The data:
※ ※ ※
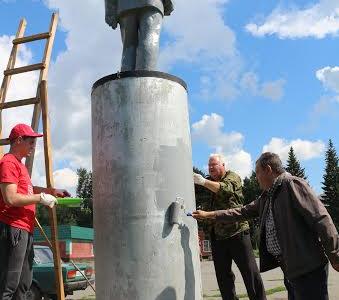 Новосибирские коммунисты отреставрировали памятник Ленину в селе Березиково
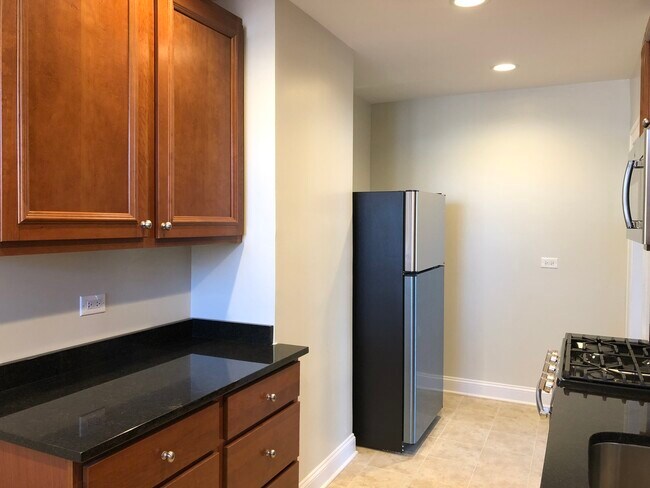 Kitchen - 1446 W Pensacola Ave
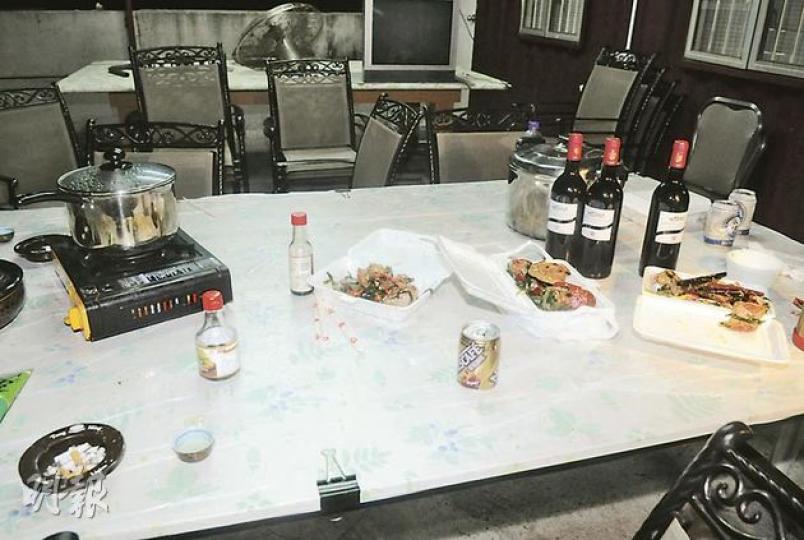 警員在東涌石榴埔村非法賭檔內,發現招待賭客的紅酒和龍蝦海鮮等。(蔡方山攝)探員檢走有「水錢」在內的3萬多元現金。(蔡方山攝)到非法賭檔的賭客被警方拘捕。(蔡方山攝)貨櫃內的賭檔裝修豪華,非常「光猛」。(蔡方山攝) 警員在東涌石榴埔村非法賭檔內,發現招待賭客的紅酒和龍蝦海鮮等。(蔡方山攝)探員檢走有「水錢」在內的3萬多元現金。(蔡方山攝)到非法賭檔的賭客被警方拘捕。(蔡方山攝)貨櫃內的賭檔裝修豪華,非常「光猛」。(蔡方山攝)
※ ※ ※
Exercise aim: Copy each line of the material above exactly, but not the images.

Answer box:
 Новосибирские коммунисты отреставрировали памятник Ленину в селе Березиково
 Kitchen - 1446 W Pensacola Ave
 警員在東涌石榴埔村非法賭檔內,發現招待賭客的紅酒和龍蝦海鮮等。(蔡方山攝)探員檢走有「水錢」在內的3萬多元現金。(蔡方山攝)到非法賭檔的賭客被警方拘捕。(蔡方山攝)貨櫃內的賭檔裝修豪華,非常「光猛」。(蔡方山攝) 警員在東涌石榴埔村非法賭檔內,發現招待賭客的紅酒和龍蝦海鮮等。(蔡方山攝)探員檢走有「水錢」在內的3萬多元現金。(蔡方山攝)到非法賭檔的賭客被警方拘捕。(蔡方山攝)貨櫃內的賭檔裝修豪華,非常「光猛」。(蔡方山攝)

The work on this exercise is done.